Hello all hope everyone is well! Love the help that this community lends so am very grateful for the advice you give. I wish to ask , I've recently began to notice that pests are slowly taking over my plants one baby was obliterated and has pieces of the leaf dead (yet still standing ) and the other 2 fully grown plants are standing yet I see these pests on the leaves ( no bite Mark's are visible yet slight leaf discoloration)
I have made a natural pesticide using 1l water , 10 drops natural soap ,tsp baking soda and tsp veg oil ( ik neem oil is better but didnt have that at hand and needed something for right now )

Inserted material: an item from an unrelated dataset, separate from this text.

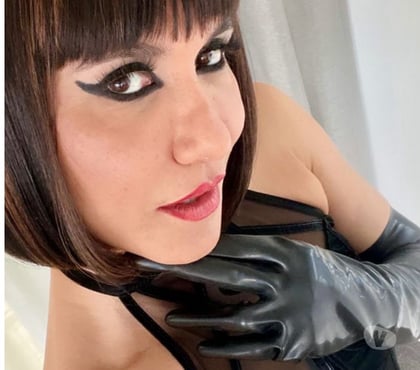 Trans Newport City Centre Newport - Wales - Photos for 🔝TopTVJunot 🔝unmissable Colombian 🇨🇴 goddess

My question is this how often should I spray my plants with such a solution ? Can it be done daily ? Also as a side question can that slightly eaten baby plant still survive and grow? Thank you so much for the help you guys provide


----------



## orangesunshine (Jun 4, 2020)

the baby plant will be fine so long as the majority of it is still standing---imo you need to know your enemy and identify the pest before you can effectively treat it---1 size doesn't fit all---lift the pot to look underneath---check them early a.m, afternoon, and p.m. as they all feast at different times---earwigs, ants, caterpillars, snails, spider mites all love a seedling


----------



## stinkyattic (Jun 4, 2020)

Neem oil is effective due to the actives in it, not because it's an oil. Oils clog stomata, so be wary of overdoing it. And seedlings are quite vulnerable. 
Can you post clear photos of the damage? Also are you indoors or out?


----------